◆ TASK INSTRUCTIONS
Under this line is a listing; return exactly the lines starting at the one with "Ashley Express - Etanbury Accent Table" and running down to the one with "Aparthotel Costa Volcan", and leave out its pictures.

◆ DATA EXTRACT
----
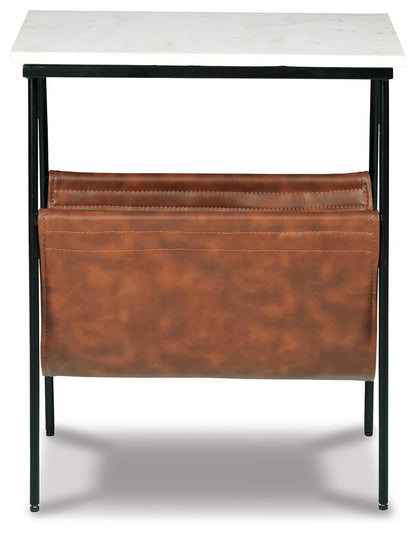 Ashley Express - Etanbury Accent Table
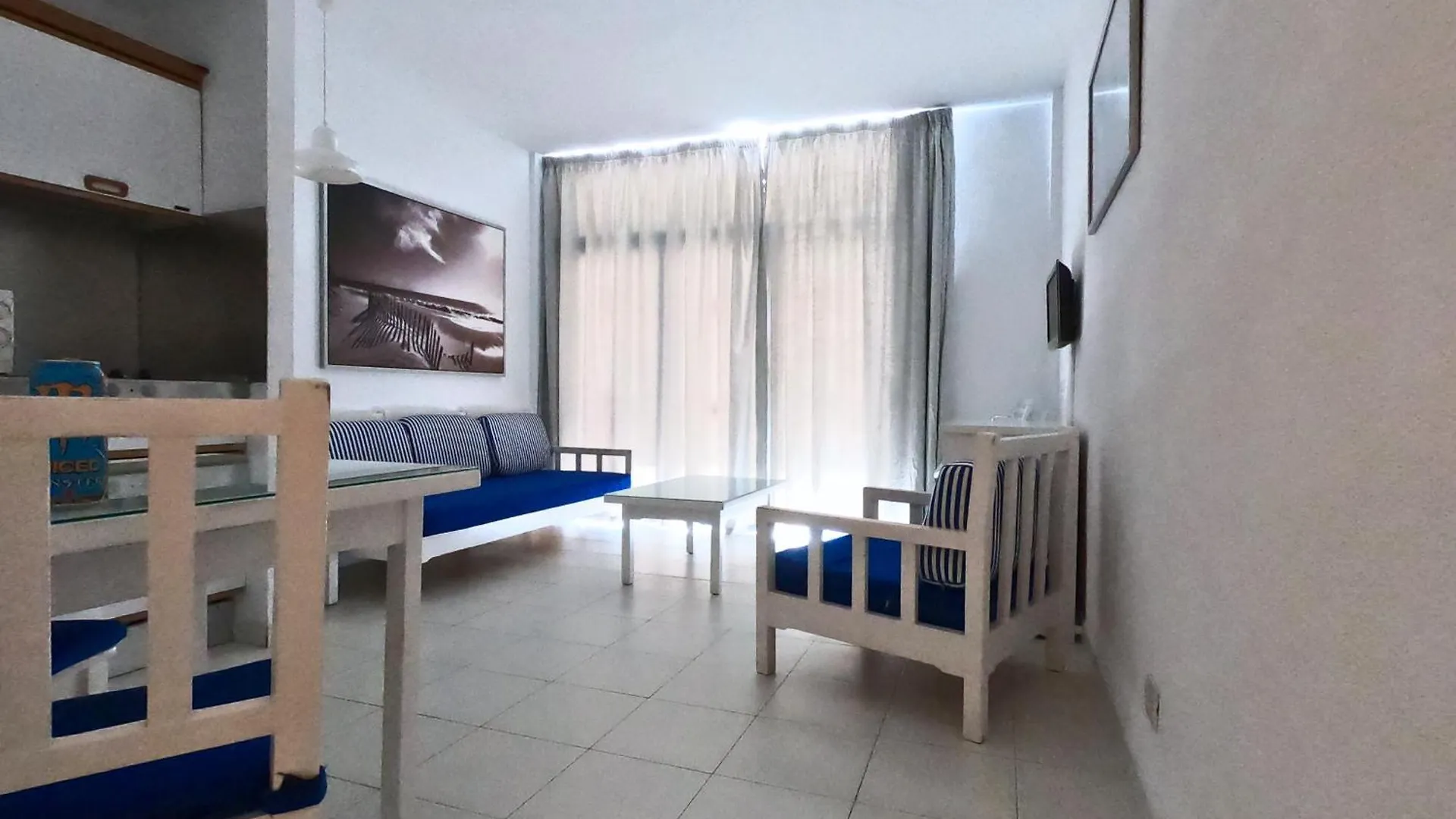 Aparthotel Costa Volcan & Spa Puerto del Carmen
----
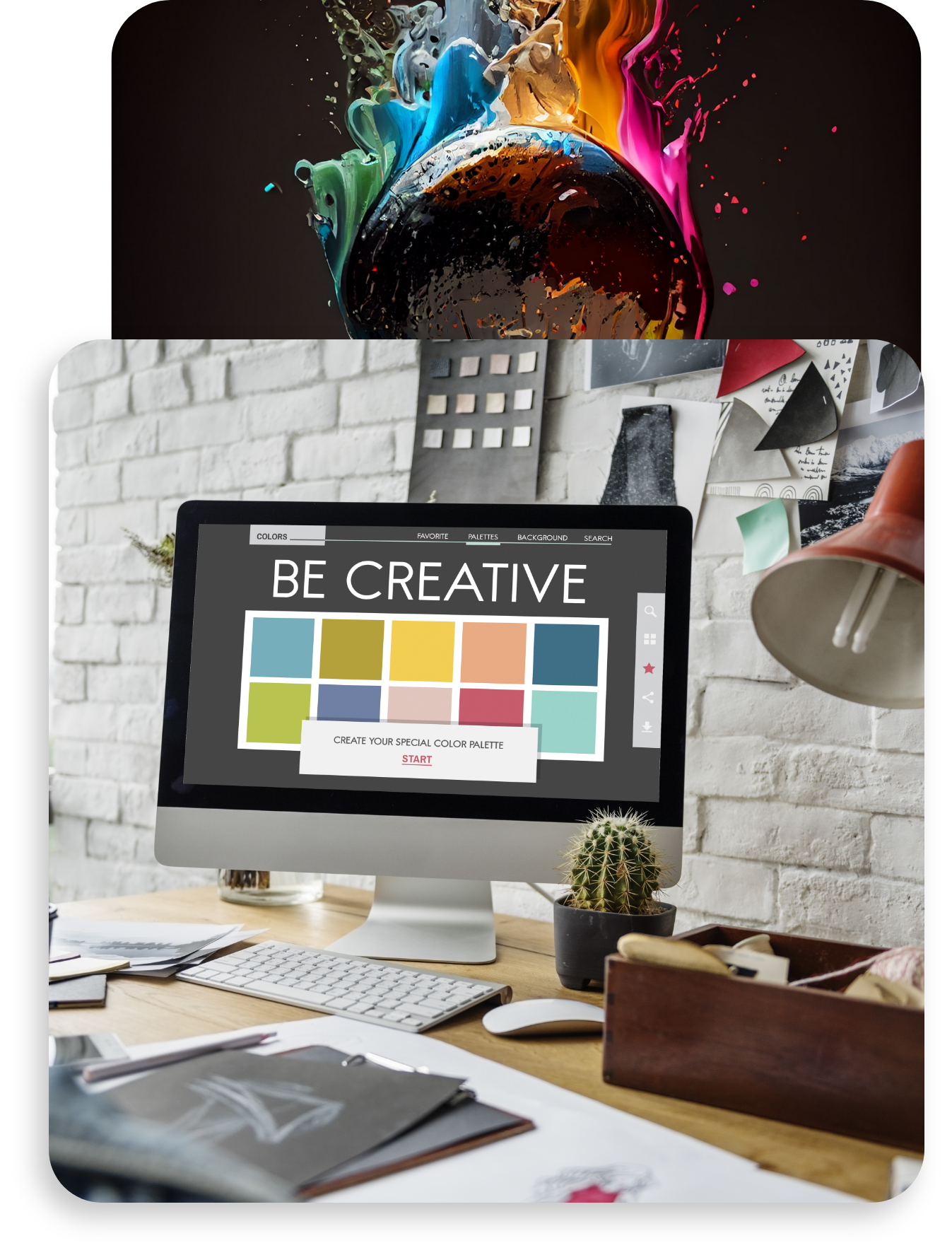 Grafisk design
----
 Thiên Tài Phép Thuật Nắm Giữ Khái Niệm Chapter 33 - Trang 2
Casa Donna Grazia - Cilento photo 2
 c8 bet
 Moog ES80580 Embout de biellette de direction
----
◆ TASK RESULT
 Ashley Express - Etanbury Accent Table
 Aparthotel Costa Volcan & Spa Puerto del Carmen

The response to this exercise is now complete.